Datamonitor

Laura Harris ,  Analyst

" include the changing patent laws as countries aim to become more TRIPS compliant, with India updating its law recently and China in the process of doing so through the WTO. Increasing globalization of the generics market, with Indian companies becoming involved in Europe and the US and vice versa, will also provide an opportunity for generics companies."

1. Do you think there is a gradual transition occurring from branded products to generics in Japan?

There is currently a major push in Japan to increase the use of generics. The government and other healthcare providers are implementing procedures and regulations to drive generic use. For example, advertisements to increase awareness and establish the safety of generics ran in 2004, and from April 2006 a pharmacist can supply a generic equivalent, provided that the doctor has stipulated that a generic is.

It is expected that, as these and additional measures are implemented, more generics companies will establish or bolster their Japanese presence to take advantage of the growth opportunities there. Indeed, a Japanese generics company, Towa Pharmaceutical Company, has increased its sales force in Japan, and Sandoz also plans to follow suit.

2.What is your view on the current generics environment in India and China?

Countries such as India and China are likely to increase their use of generics as demand for better and more expensive medicines increases with the rise in the standard of general healthcare provision.

3.What factors are driving the growth of generics in Asian countries?
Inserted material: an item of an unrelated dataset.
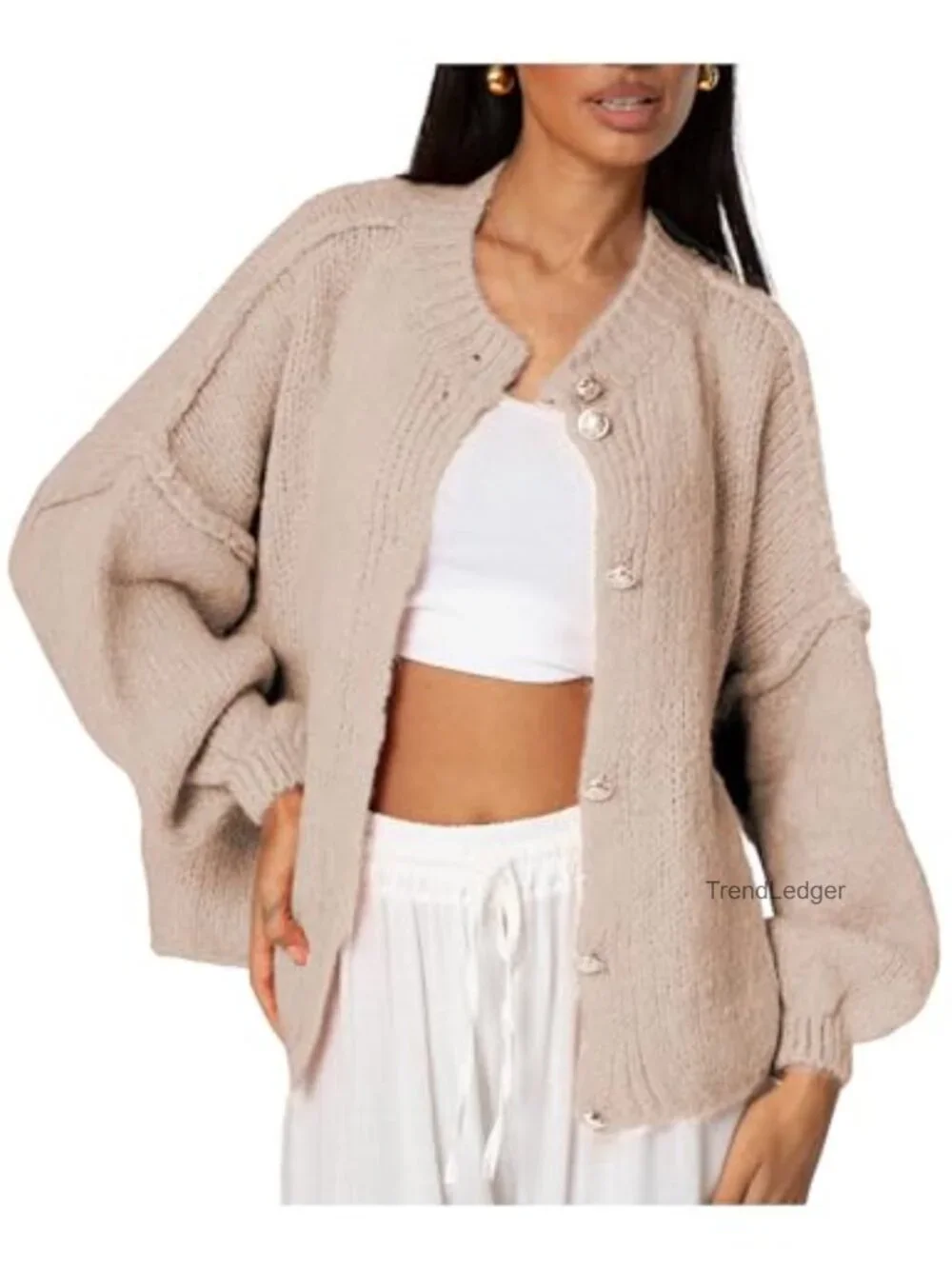 Cardigan Sweaters for Women Long Sleeve Button Up Knit Oversized with Lantern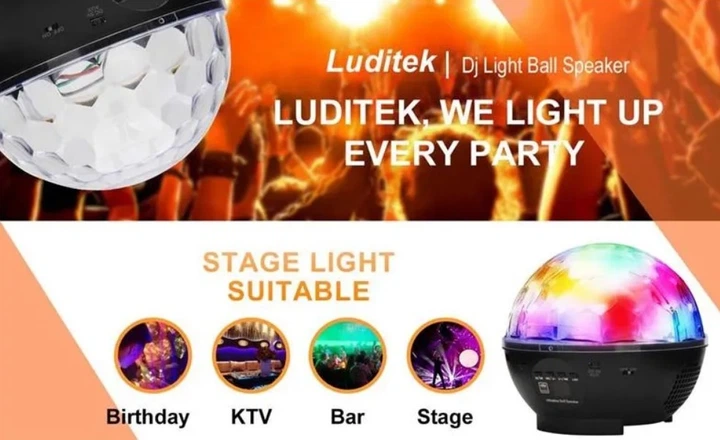 Диско шар светодиодный портативный на аккумуляторе с пультом Crystal Magic Bluetooth Pro Черный 10W - изображение 5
Key factors include the changing patent laws as countries aim to become more TRIPS compliant, with India updating its law recently and China in the process of doing so through the WTO. Increasing globalization of the generics market, with Indian companies becoming involved in Europe and the US and vice versa, will also provide an opportunity for generics companies.

4.What according to you are the challenges for the generics market in Asian countries?

A key challenge in the use of generics in Asia is counterfeit medicines and the fear that a generic may in fact be a counterfeit and not as effective as the original branded product. In countries such as Japan, where branding is very important, increasing the positive perception of generics is key to ensuring greater use.